The future of register studies: A case study on the role of register in the choice of future markers in English
2022-04-14, 15:00–15:30 (Europe/Vienna), Room 2

https://univienna.zoom.us/j/62201332493


While register variation has been widely studied in terms of frequency distributions of linguistic features and their co-occurrence patterns, for example by means of Multidimensional Analysis (e.g., Biber 1988), the role of the situational context in probabilistic, linguistic choice-making is less clear. Within variationist linguistics, register has often been treated as a “nuisance factor” (Szmrecsanyi 2019: 77), which should be accounted for in the analysis. As a result, evidence is still scarce as to how it influences language-internal constraints that co-determine the choice of one (grammatical) variant other another. Although previous studies suggest that mode of communication (Theijssen et al. 2013) and genre (Grafmiller 2014) influence the effects of language-internal constraints substantially, systematic studies into the effect of register differences on alternation phenomena are lacking.

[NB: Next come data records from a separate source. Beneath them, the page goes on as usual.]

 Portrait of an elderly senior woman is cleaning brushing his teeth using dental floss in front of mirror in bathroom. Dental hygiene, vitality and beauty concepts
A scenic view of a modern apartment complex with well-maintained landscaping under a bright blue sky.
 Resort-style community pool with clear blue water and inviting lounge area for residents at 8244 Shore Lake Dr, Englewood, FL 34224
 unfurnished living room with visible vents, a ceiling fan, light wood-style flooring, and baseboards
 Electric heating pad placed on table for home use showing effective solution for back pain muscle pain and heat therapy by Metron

In this paper, we present results from a case study on the English future marker alternation (This will happen vs This is going to happen), involving interactions between register and nine language-internal constraints such as grammatical person or animacy of the subject, sentence type, clause type, verb type, and proximity of future time. The registers included in this study are defined at the intersection of communication mode and formality: spoken informal (Spoken BNC2014) vs spoken formal (House of Commons debates) vs written informal (British English GloWbE, blogs) vs written formal (The Independent newspaper articles). The central question is how the effect size and direction of language-internal constraints on variation interacts with register as a language-external parameter. We submitted a balanced dataset of 2,600 observations (650 tokens per register, half of which with will and the other half with be going to) to a mixed-effects logistic regression analysis. Results show five interactions with register, indicating that the choice of the future marker is considerably influenced by the situational context. For example, the size of the effect for grammatical person is not only reversed but also much larger in spoken formal, written informal and written formal registers compared to in spoken informal conversations (see Figure 1).

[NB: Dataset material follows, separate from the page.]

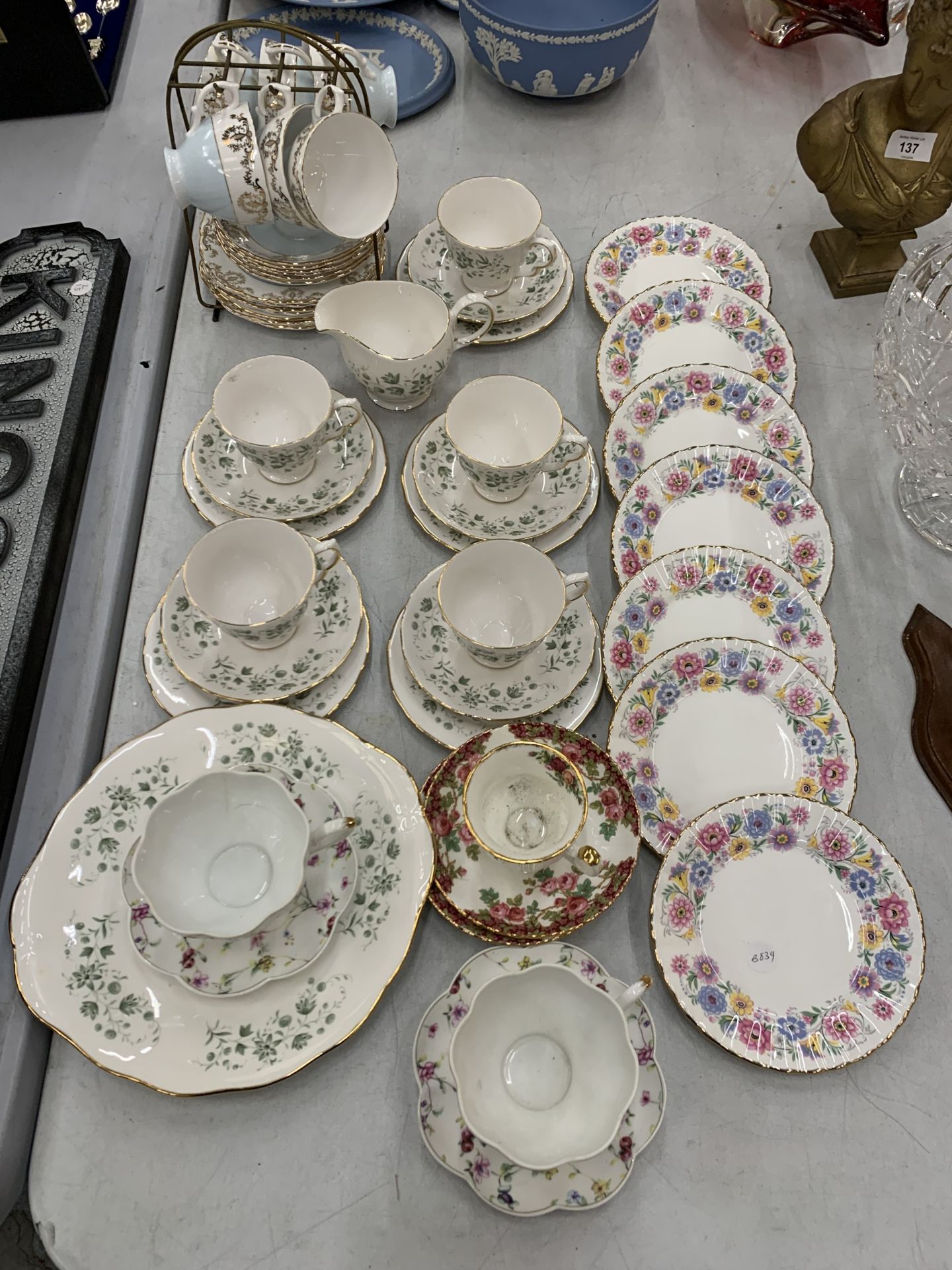A LARGE ASSORTMENT OF TEA WARE TO INCLUDE CUPS, SAUCERS, TRIO'S, CAKE PLATES ETC AND INCLUDING ROYAL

To investigate the language users’ sensitivity to these register-specific probabilistic effects, the corpus model was complemented with a rating task experiment. Participants (n = 114, mean age = 53 years) indicated on a continuous scale by means of a slider bar how natural the variants sound to them given the context (cf. Bresnan & Ford 2010). Analysis shows that participants are sensitive to register-specific effects. The results will be discussed with regard to the importance of methodological diversity in investigating usage-based theories of grammar (Klavan & Divjak 2016) as well as against the backdrop of customary theorizing in variationist sociolinguistics that language-internal are stable in the face of stylistic variation (Labov 2010: 265; but see Guy 2015).


References
  • Biber, Douglas. 1988. Variation across speech and writing. Cambridge: Cambridge University Press.
  • Bresnan, Joan & Marilyn Ford. 2010. Predicting syntax: Processing dative constructions in American and Australian varieties of English. Language 86(1). 168–213.
  • Grafmiller, Jason. 2014. Variation in English genitives across modality and genres. English Language and Linguistics 18(3). 471–496.
  • Guy, Gregory R. 2015. Coherence, constraints and quantities. Paper presented at New Ways of Analyzing Variation (NWAV) 44, University of Toronto.
  • Klavan, Jane & Dagmar Divjak. 2016. The cognitive plausibility of statistical classification models: Comparing textual and behavioral evidence. Folia Linguistica 50(2). 355–384.
  • Labov, William. 2010. Principles of linguistic change, Vol. 3: Cognitive and cultural factors (Language in Society 39). Malden, MA: Wiley-Blackwell.
  • Szmrecsanyi, Benedikt. 2019. Register in variationist linguistics. Register Studies 1(1). 76–99.
  • Theijssen, Daphne, Louis ten Bosch, Lou Boves, Bert Cranen & Hans van Halteren. 2013. Choosing alternatives: Using Bayesian networks and memory-based learning to study the dative alternation. Corpus Linguistics and Linguistic Theory 9(2). 227–262.